Hakim Sabzevzri university


Extended Abstract
1- Introduction
Rivers, based on their power, erode loose materials from higher elevations, transport and finally deposit them in lowlands. Extensive parts of earth surface are influences by surface runoff and their erosional operations. These dynamic factors, based on other characteristics of land surface, affect differentially different parts of land surfaces. Many researchers have tried to establish some methods to estimate peak discharges of rivers without relying on precise observed data of rainfall. These methods include combination of geomorphological factors (i.e. high water mark) and sediment logical data (i.e. boulder size). The lack or shortage of hydrometric formations and statistics in drainage basins of country necessitate the use of suitable experimental methods for estimating maximum flood. The aim of this research is to estimate the rate of peak flood by means of boulder size of river bed (at catchments outlet) and to evaluate the effects of geological formations and geomorphological landforms on flood of Zirabe and Qoordanloo catchments.

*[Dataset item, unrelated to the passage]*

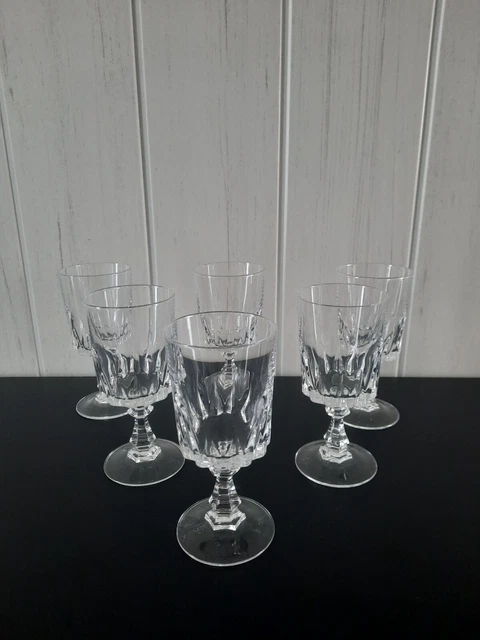 6 verres à vin blanc cristal d'Arques modèle LOUVRE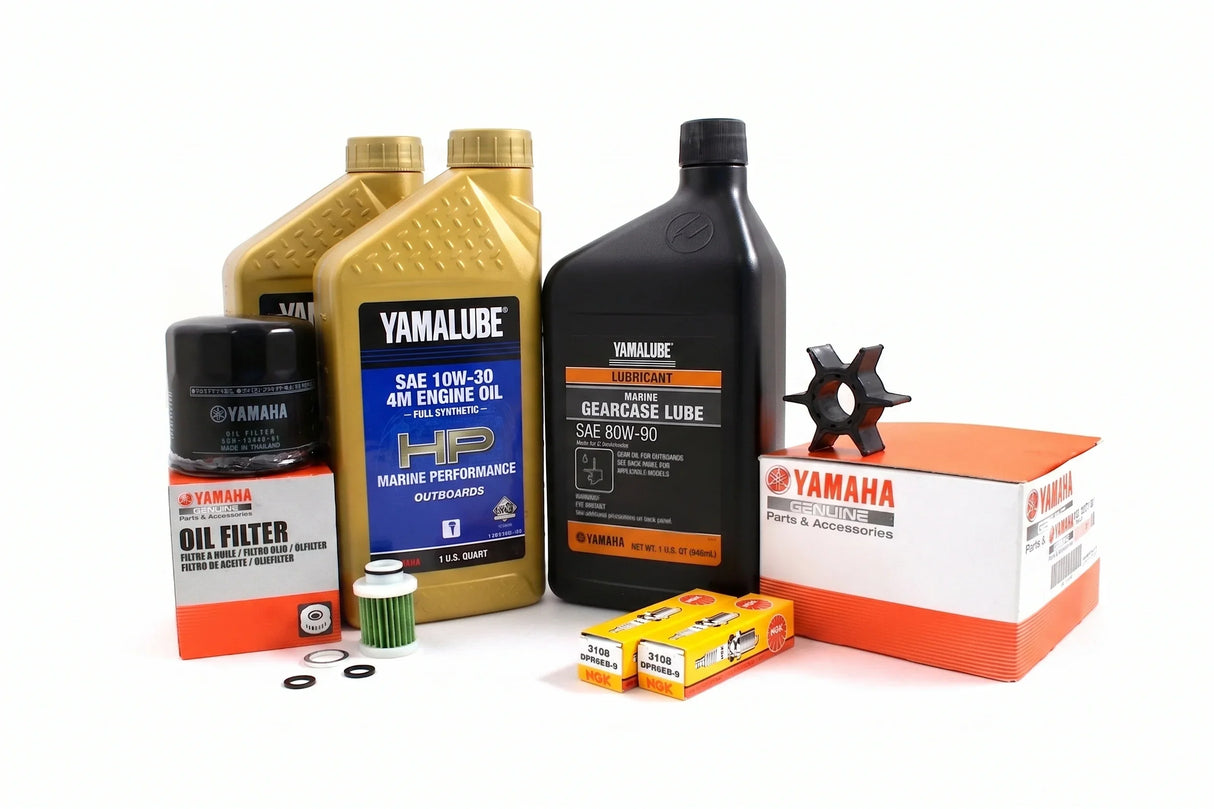 Yamaha F25C 100 Hour Service Maintenance Kit w/ Cooling - Yamalube 10W-30 Full Synthetic - 2016-Current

In this research, required maps such as height classes, slope, geology and drainage system were extracted based on geological and topographical maps in ARC Map software. The analysis of morphometric characteristics of studied basins has been carried out based on above-mentioned maps. To estimate peak flood at basins outlets, first, data associated with channel morphometry such as area, cross section, wetted perimeter, hydraulic radius and channel were measured. Then water velocity in channel were estimated based on Costa (1983) and Jarrett (1990) methods. The Costa method of velocity estimation is based on the measurement of boulder size of river bed. To estimate flood velocity based on Costa method, the 24 boulders of the largest ones in every river bed at catchment outlet were obtained. Then the mean of b axis (width) of boulders were calculated. Then the flood velocity was obtained based on the following equation:
V: 0.18 (d) 0.487
Where V is velocity in cubic meter per second, d is the mean of b axis of boulders. The velocity in Jarrett method is calculated based on the following method:
V:3.17 R0.83 S0.12
Where V is velocity in cubic meter per second, s is slope of channel I percent, R is hydraulic radius in meter. The peak discharge of flood was calculated from multiplication of channel cross section area and velocity.
3. Discussion
Results of this study reveal that peak discharges estimated from Costa method are respectively 17.29 and 78.04 m3/s in Zirabe and Qoordanloo catchments. The peak discharges estimated from Jarrett method are respectively 35.68 and 49.64 m3/s in Zirabe and Qoordanloo catchments. Data show that the estimated peak discharge obtained from Costa method are closer to observed data implying that Costa method (estimation of peak discharge based of boulder size) has adequate performance. Analyzing geology of studied basins show that 60% of Zirabe catchment’s area is composed of Tirgan calcareous formation while the mentioned formation comprise only 7.2% of Qoordanloo catchment’s area. Formationss of Qoordanloo catchment are mainly impermeable rocks such as shale, marl. Due to the higher area of calcareous formations capable of karstic landforms development in Zirabe catchment, the surface runoff and hence the drainage density decrease. The lower drainage density of Zirabe catchment (2.5) compared to Qoordanloo catchment (3.69) reveals the lower runoff generation and the more infiltration of water into ground in Zirabe catchment whereas the drainage density is higher in Qoordanloo catchment with impermeable formations implying the higher runoff and hence flood peak generation in mentioned catchment. The mean topographic slope of Qoordanloo and Zirabe catchments are 20.7% and 12.2% respectively. Evaluation of catchment’s shape data show that the Qoordanloo catchment is more circular in shape than Zirabe one. It seems that the steeper slope and relatively circular shape of Qoordanloo catchment have resulted in higher flood peak of mentioned catchment.
4. Conclusion
Data analysis reveal that, in spite of larger size of Zirabe catchment than Qoordanloo one, the mean of b axis of boulders is larger in Qoordanloo river bed than Zirabe one. The larger size of boulders in Qoordanloo river bed is indicator of higher water strength and velocity. The higher rate of estimated and observed peak discharge in Qoordanloo catchment compared to Zirabe one demonstrate that Qoordanloo catchment is more h vulnerable to flood damage. The presence of impermeable formations in Qoordanloo catchment has resulted in the formation of badland erosion that is indicator of higher flood vulnerability and runoff generation while the karstic features are dominant landforms of Zirabe catchment which has played an important role in the reduction of runoff generation. Overall, it can be concluded that firstly, the Costa method has adequate performance in peak flood prediction in studied catchments and secondly, the differences in geological, geomorphological and morphometrical characteristics of catchments have strong effects on flood differences of catchments.